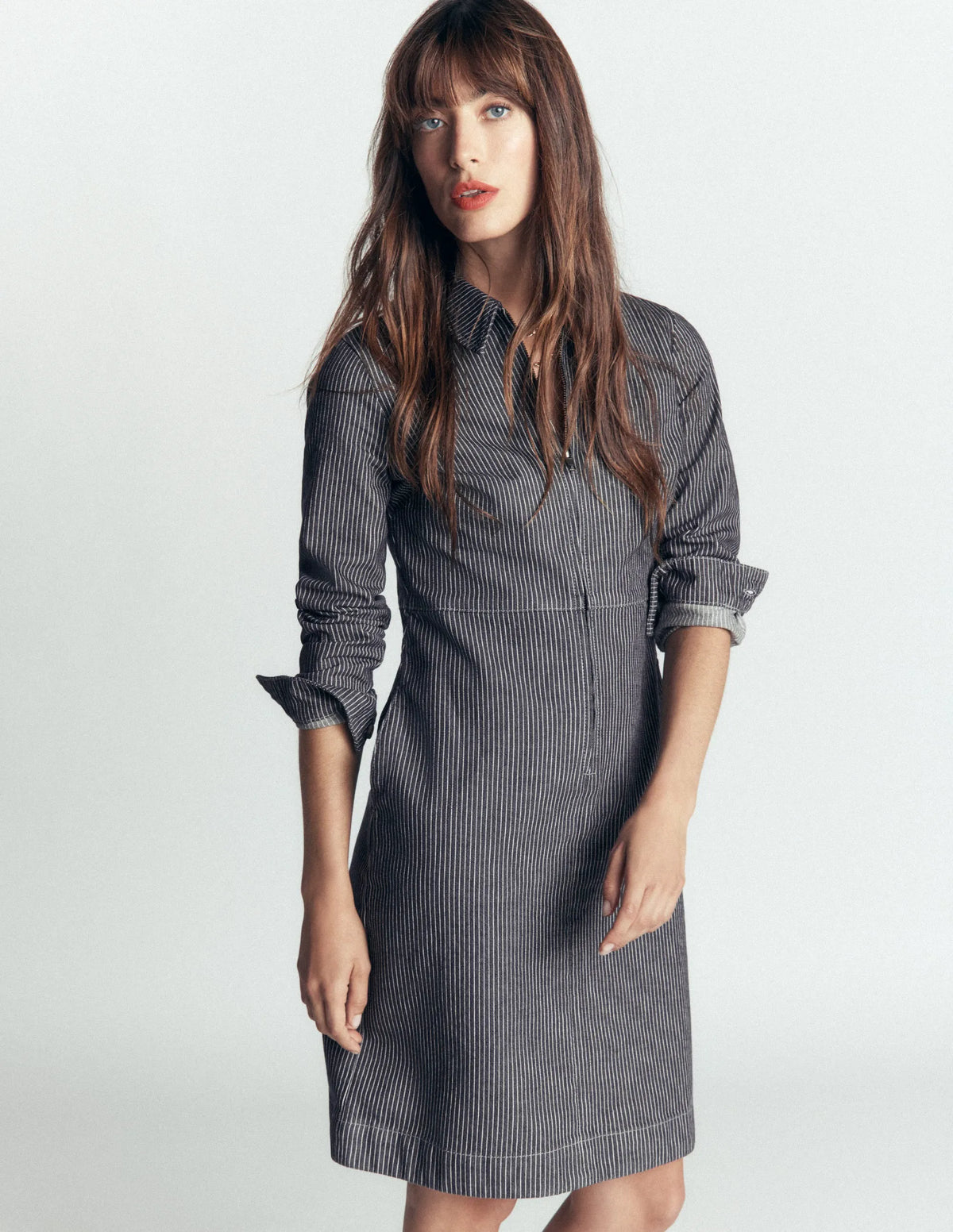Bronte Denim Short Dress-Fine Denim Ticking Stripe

§

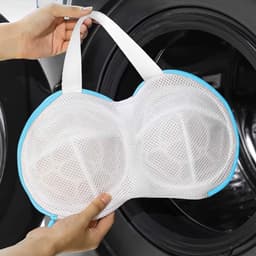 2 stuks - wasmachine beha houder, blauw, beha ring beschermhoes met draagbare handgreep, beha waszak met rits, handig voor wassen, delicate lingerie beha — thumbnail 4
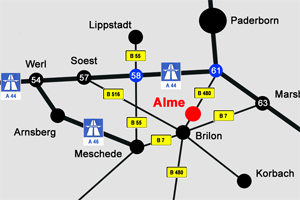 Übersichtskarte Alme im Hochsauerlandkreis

§

* [WHAT IS EXPECTED] Nothing but the lines from the one with "2 stuks - wasmachine" up to and including the one with "Übersichtskarte Alme im Hochsauerlandkreis" should be printed, exactly as they read above. Please keep the pictures out.

* [ANSWER FOR THE TASK]
 2 stuks - wasmachine beha houder, blauw, beha ring beschermhoes met draagbare handgreep, beha waszak met rits, handig voor wassen, delicate lingerie beha — thumbnail 4
 Übersichtskarte Alme im Hochsauerlandkreis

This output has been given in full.